Problem details: For the entries that follow, give the number of lines holding the string "Used" and nothing more.

[Extracted data entries]
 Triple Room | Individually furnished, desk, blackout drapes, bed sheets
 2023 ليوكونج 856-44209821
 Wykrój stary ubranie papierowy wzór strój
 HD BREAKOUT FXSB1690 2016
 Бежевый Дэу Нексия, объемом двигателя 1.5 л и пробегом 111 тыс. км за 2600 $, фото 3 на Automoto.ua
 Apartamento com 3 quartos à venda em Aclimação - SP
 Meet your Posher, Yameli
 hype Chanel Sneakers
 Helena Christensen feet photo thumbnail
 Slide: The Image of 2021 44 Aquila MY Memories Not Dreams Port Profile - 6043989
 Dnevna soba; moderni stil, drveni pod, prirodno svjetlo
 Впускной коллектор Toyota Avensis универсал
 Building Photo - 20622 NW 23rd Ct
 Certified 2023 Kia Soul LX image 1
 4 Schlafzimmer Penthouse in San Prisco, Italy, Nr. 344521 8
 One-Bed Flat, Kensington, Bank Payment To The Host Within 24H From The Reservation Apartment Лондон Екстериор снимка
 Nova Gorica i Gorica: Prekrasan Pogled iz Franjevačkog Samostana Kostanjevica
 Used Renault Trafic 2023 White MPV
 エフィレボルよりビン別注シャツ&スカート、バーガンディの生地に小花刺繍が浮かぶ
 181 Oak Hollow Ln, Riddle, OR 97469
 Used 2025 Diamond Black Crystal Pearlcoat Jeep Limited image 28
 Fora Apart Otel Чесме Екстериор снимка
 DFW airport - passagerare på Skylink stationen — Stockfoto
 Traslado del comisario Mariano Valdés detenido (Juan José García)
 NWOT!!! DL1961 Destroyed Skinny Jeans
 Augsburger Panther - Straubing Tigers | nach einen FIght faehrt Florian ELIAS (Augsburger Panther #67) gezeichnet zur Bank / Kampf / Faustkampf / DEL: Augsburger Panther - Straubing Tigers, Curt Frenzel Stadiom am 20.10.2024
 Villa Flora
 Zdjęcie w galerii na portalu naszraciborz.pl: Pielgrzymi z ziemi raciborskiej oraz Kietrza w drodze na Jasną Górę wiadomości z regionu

Solution for this task: 2